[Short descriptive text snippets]

+ + +

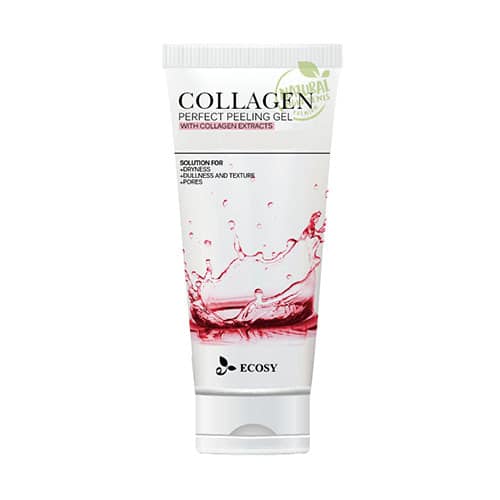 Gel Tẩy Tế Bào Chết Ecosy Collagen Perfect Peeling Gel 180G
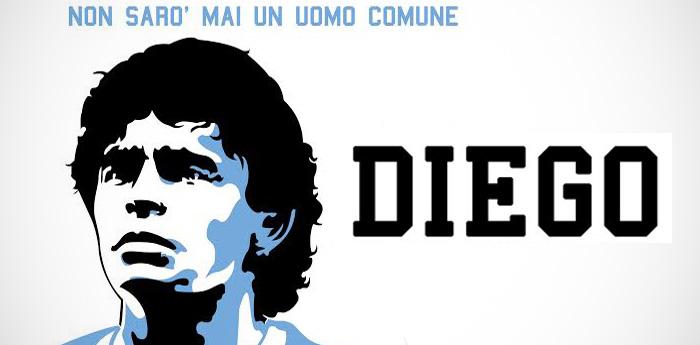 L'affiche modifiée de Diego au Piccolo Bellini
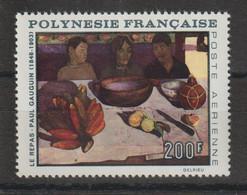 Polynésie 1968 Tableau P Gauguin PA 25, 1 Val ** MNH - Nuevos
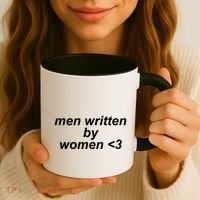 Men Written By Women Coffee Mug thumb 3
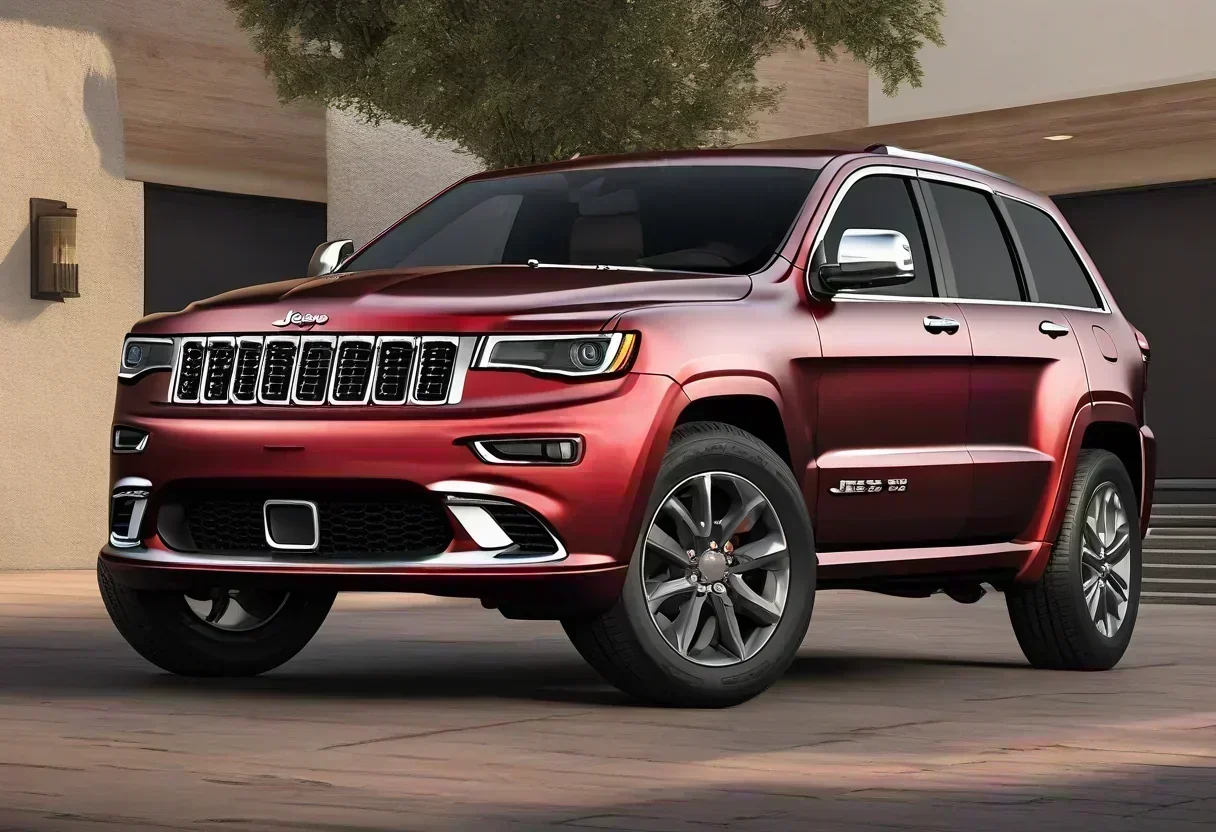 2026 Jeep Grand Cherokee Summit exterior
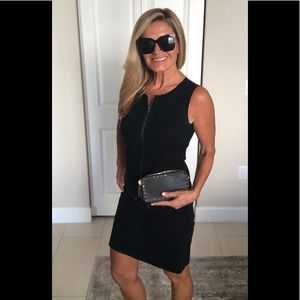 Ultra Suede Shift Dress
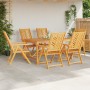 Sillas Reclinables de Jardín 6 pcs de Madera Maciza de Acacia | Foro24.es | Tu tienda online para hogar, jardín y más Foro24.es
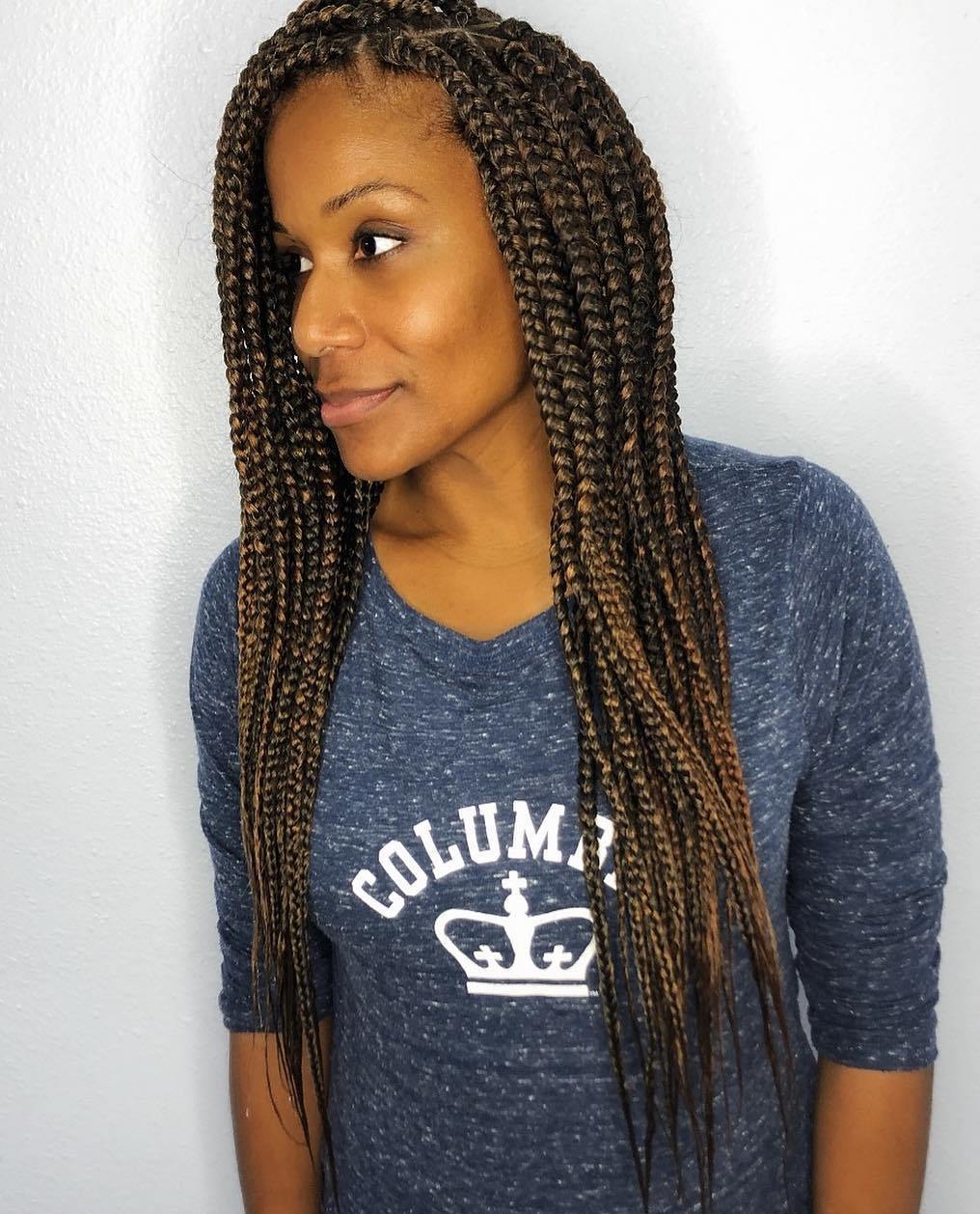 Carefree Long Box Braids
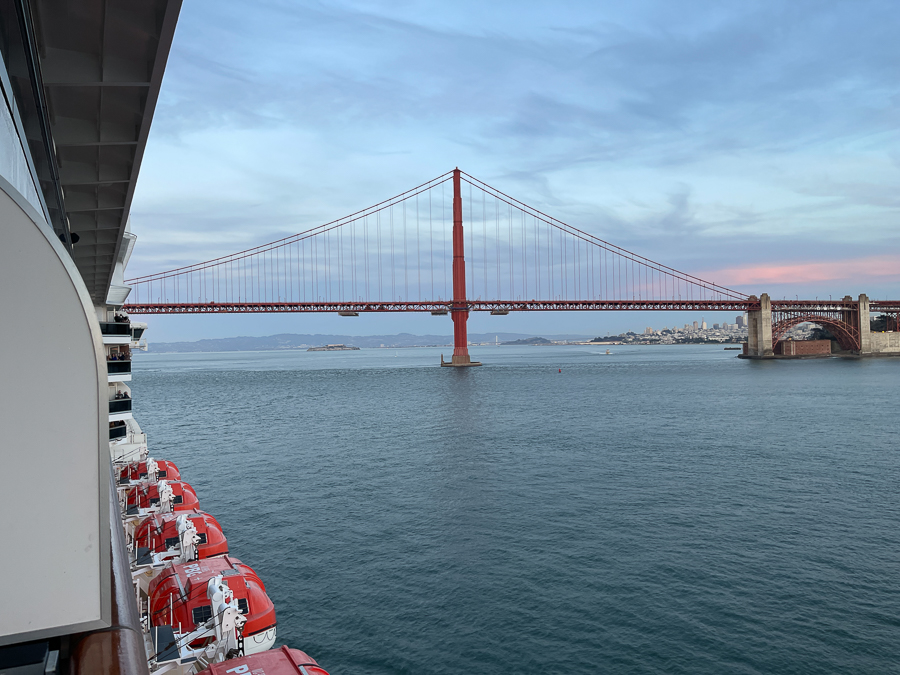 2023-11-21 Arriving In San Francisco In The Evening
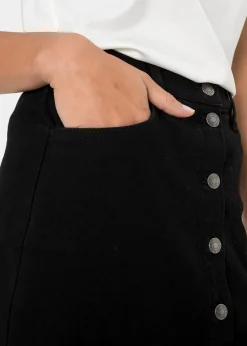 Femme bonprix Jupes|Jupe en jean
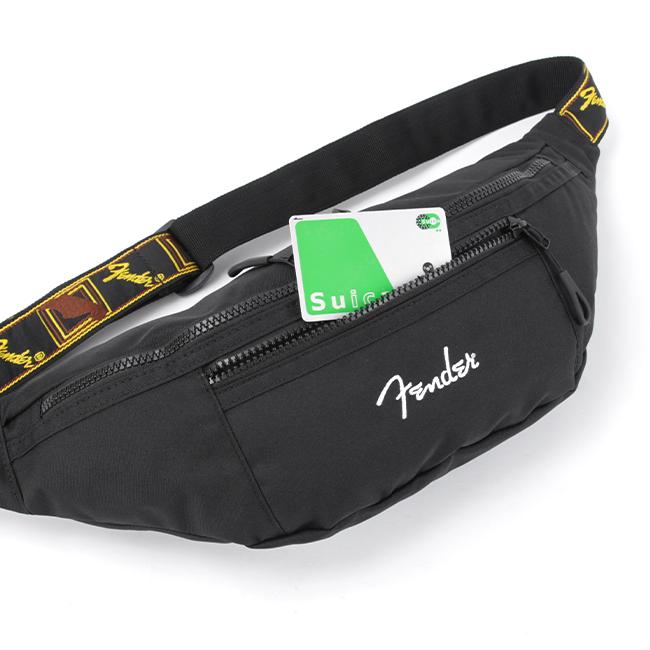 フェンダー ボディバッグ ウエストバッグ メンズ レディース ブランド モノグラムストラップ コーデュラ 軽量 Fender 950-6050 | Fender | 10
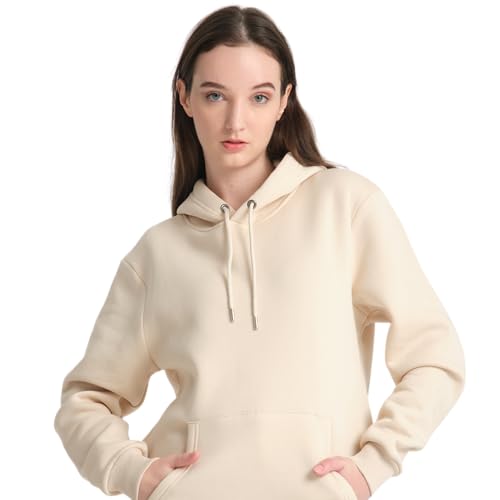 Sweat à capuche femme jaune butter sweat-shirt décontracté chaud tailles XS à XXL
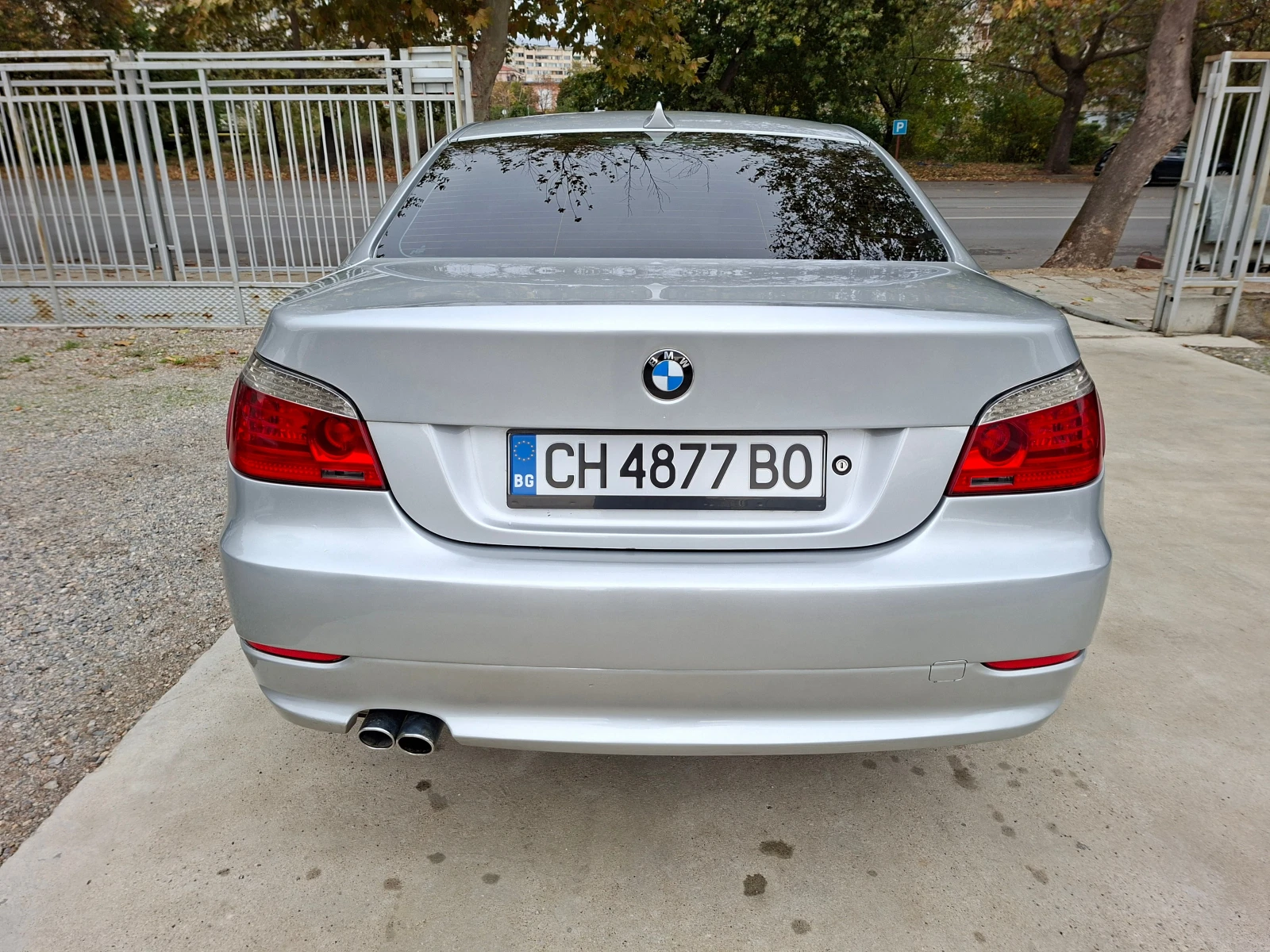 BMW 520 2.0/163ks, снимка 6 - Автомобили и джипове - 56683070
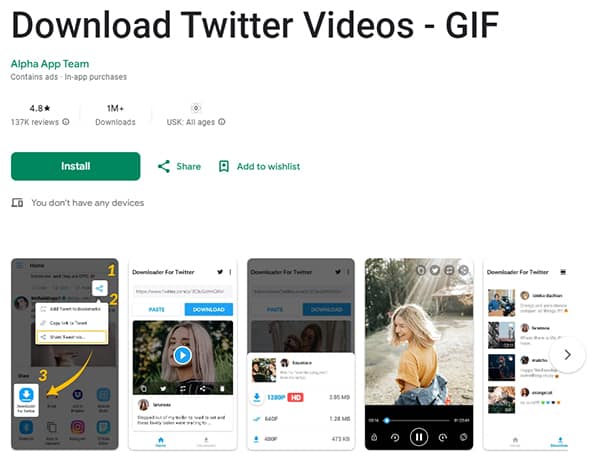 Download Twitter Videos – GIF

+ + +

Problem description: Leave the pictures out. Extract exactly the lines running from the one with "Polynésie 1968 Tableau" through the last entry, both ends included.

Solution to this problem:
 Polynésie 1968 Tableau P Gauguin PA 25, 1 Val ** MNH - Nuevos
 Men Written By Women Coffee Mug thumb 3
 2026 Jeep Grand Cherokee Summit exterior
 Ultra Suede Shift Dress
 Sillas Reclinables de Jardín 6 pcs de Madera Maciza de Acacia | Foro24.es | Tu tienda online para hogar, jardín y más Foro24.es
 Carefree Long Box Braids
 2023-11-21 Arriving In San Francisco In The Evening
 Femme bonprix Jupes|Jupe en jean
 フェンダー ボディバッグ ウエストバッグ メンズ レディース ブランド モノグラムストラップ コーデュラ 軽量 Fender 950-6050 | Fender | 10
 Sweat à capuche femme jaune butter sweat-shirt décontracté chaud tailles XS à XXL
 BMW 520 2.0/163ks, снимка 6 - Автомобили и джипове - 56683070
 Download Twitter Videos – GIF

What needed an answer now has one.